LeetCode in Kotlin

3651. Minimum Cost Path with Teleportations

Hard

You are given a m x n 2D integer array grid and an integer k. You start at the top-left cell (0, 0) and your goal is to reach the bottom‐right cell (m - 1, n - 1).

There are two types of moves available:

• Normal move: You can move right or down from your current cell (i, j), i.e. you can move to (i, j + 1) (right) or (i + 1, j) (down).

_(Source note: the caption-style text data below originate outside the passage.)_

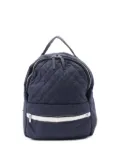 CHANEL Pre-Owned 2014-2015 Matelasse backpack - Blue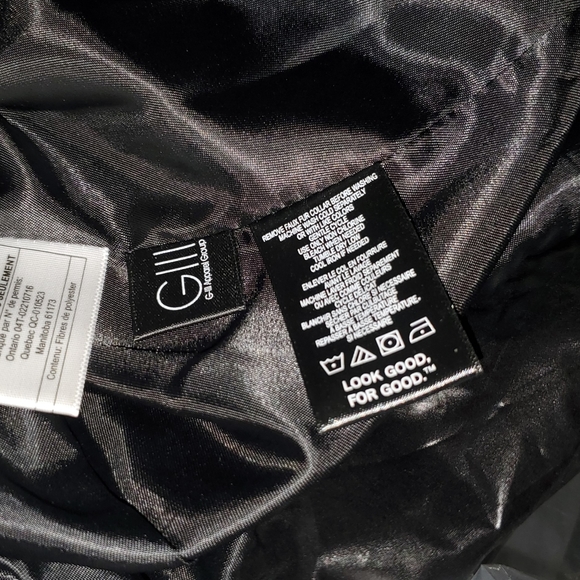 ❗️SOLD❗️Kenneth Cole New York Glossy Puffer Jacket - Picture 7 of 12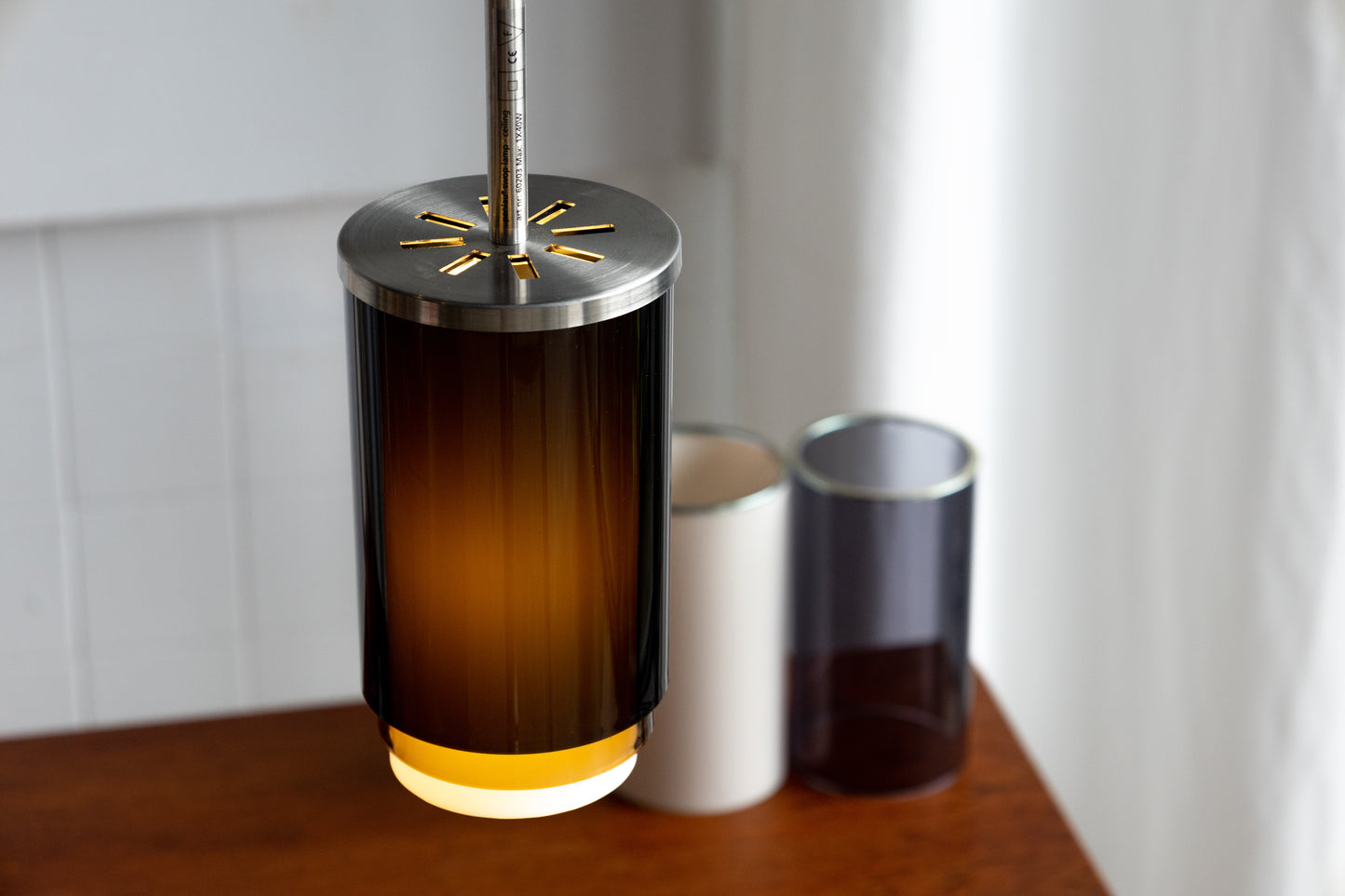 Trine Penlau Swop 圓柱 磁吸 吊燈 OLDANMARK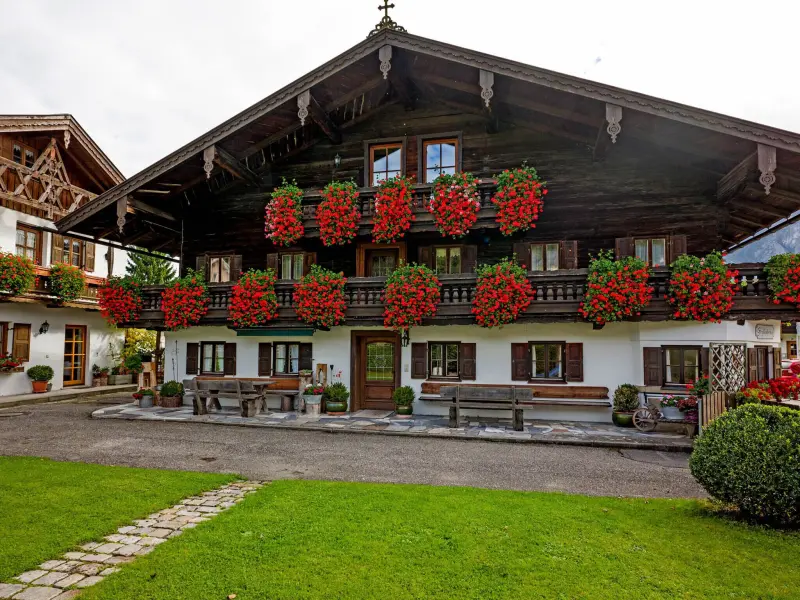 Ferienwohnung  Kiefersfelden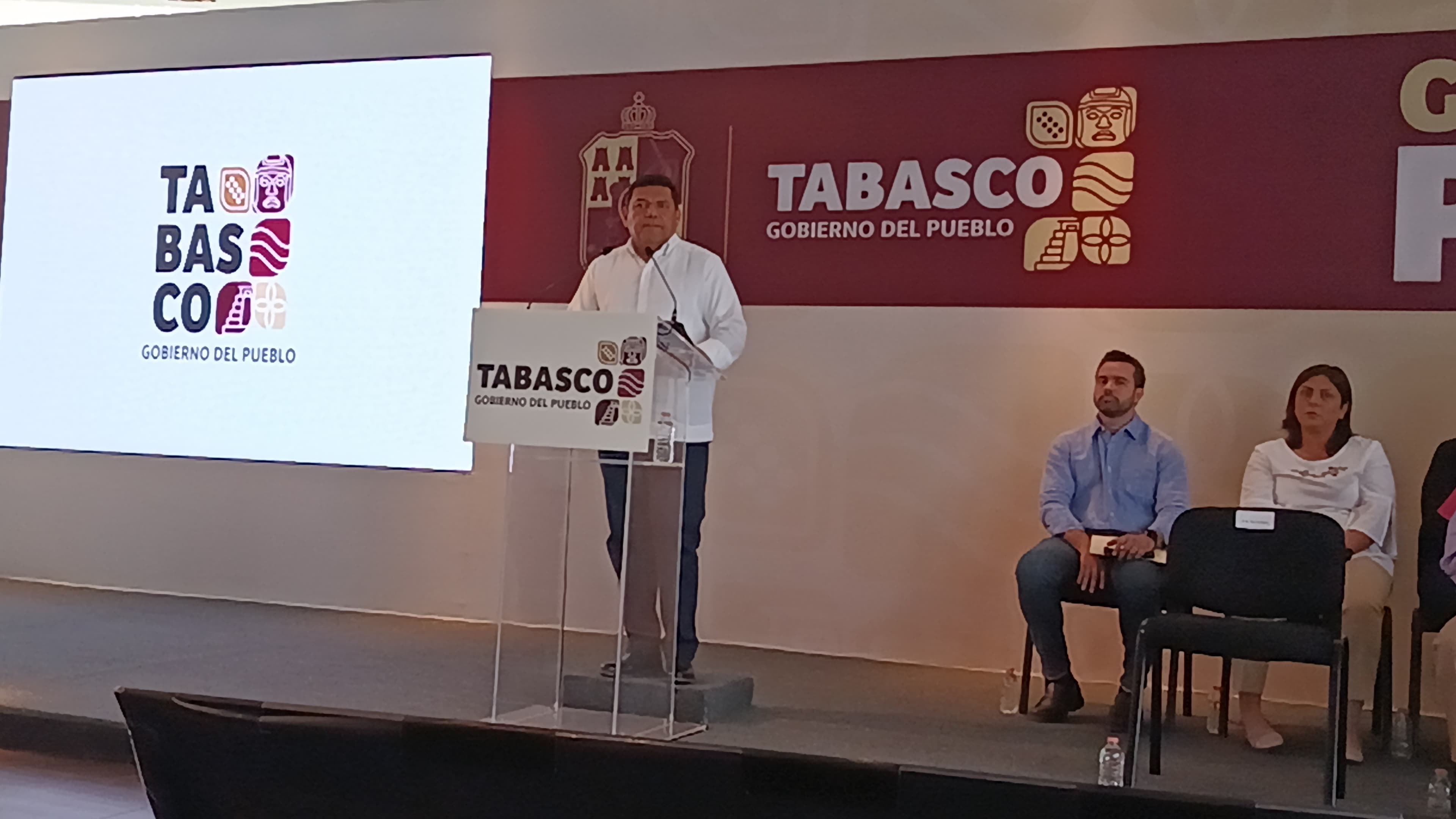  Mil 200 mdp para tren Estación Chontalpa-Dos Bocas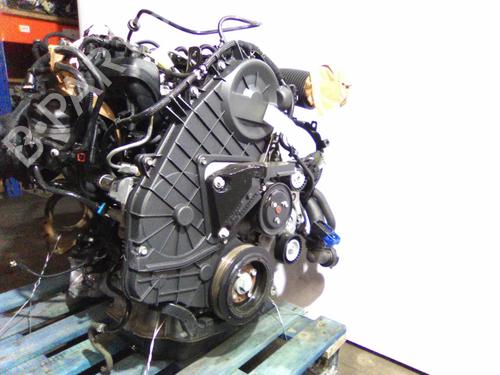 Engine OPEL MERIVA B MPV (S10) 1.7 CDTI (75) | BP19873049M1 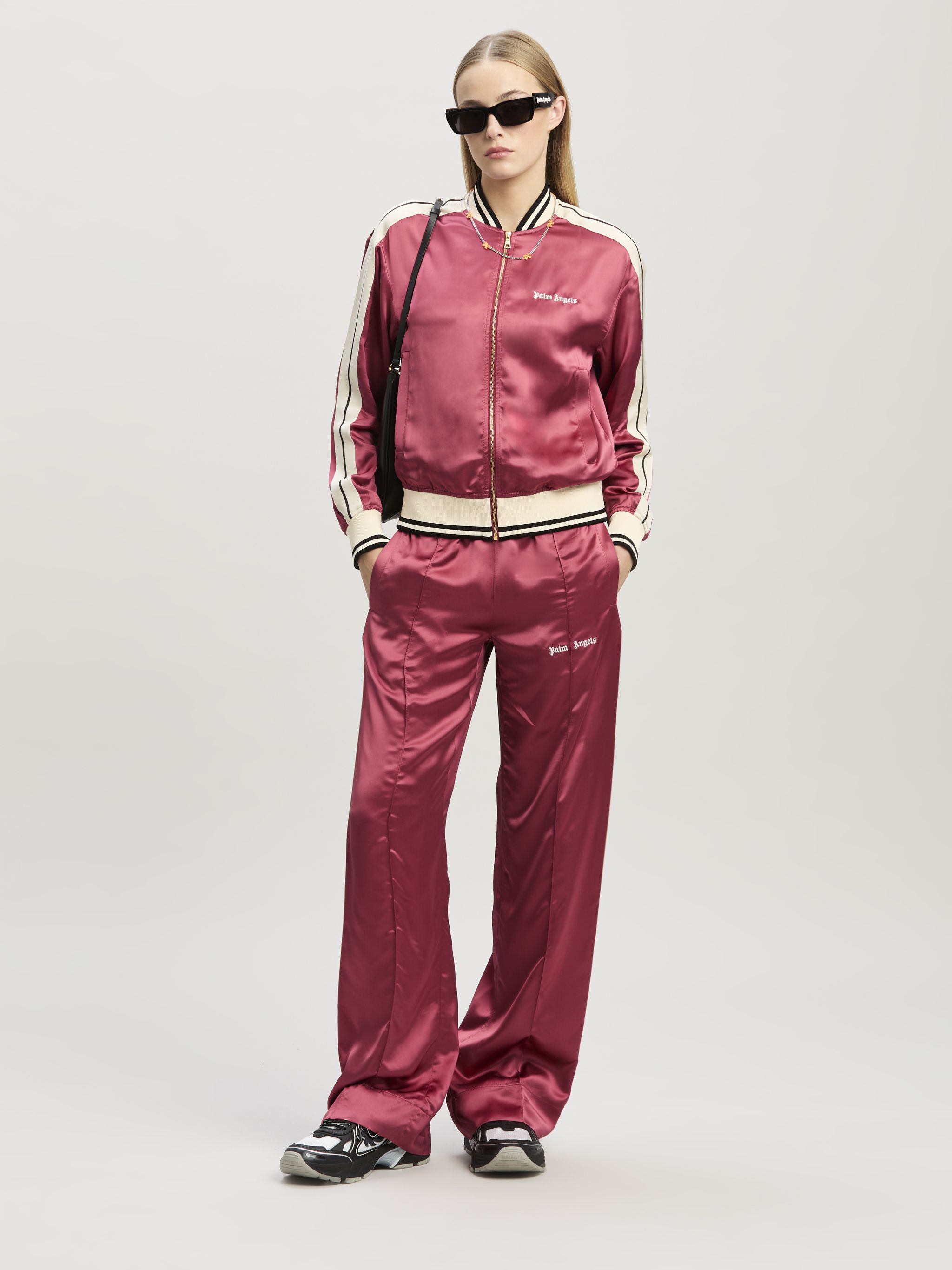 Palm angels women's tracksuit hotsell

The cost is the value of the destination cell.

• Teleportation: You can teleport from any cell (i, j), to any cell (x, y) such that grid[x][y] <= grid[i][j]; the cost of this move is 0. You may teleport at most k times.

Return the minimum total cost to reach cell (m - 1, n - 1) from (0, 0).

Example 1:

Input: grid = [[1,3,3],[2,5,4],[4,3,5]], k = 2

Output: 7

Explanation:

Initially we are at (0, 0) and cost is 0.

Current Position	Move	New Position	Total Cost
(0, 0)	Move Down	(1, 0)	0 + 2 = 2
(1, 0)	Move Right	(1, 1)	2 + 5 = 7
(1, 1)	Teleport to (2, 2)	(2, 2)	7 + 0 = 7

The minimum cost to reach bottom-right cell is 7.

Example 2:

Input: grid = [[1,2],[2,3],[3,4]], k = 1

Output: 9

Explanation:

Initially we are at (0, 0) and cost is 0.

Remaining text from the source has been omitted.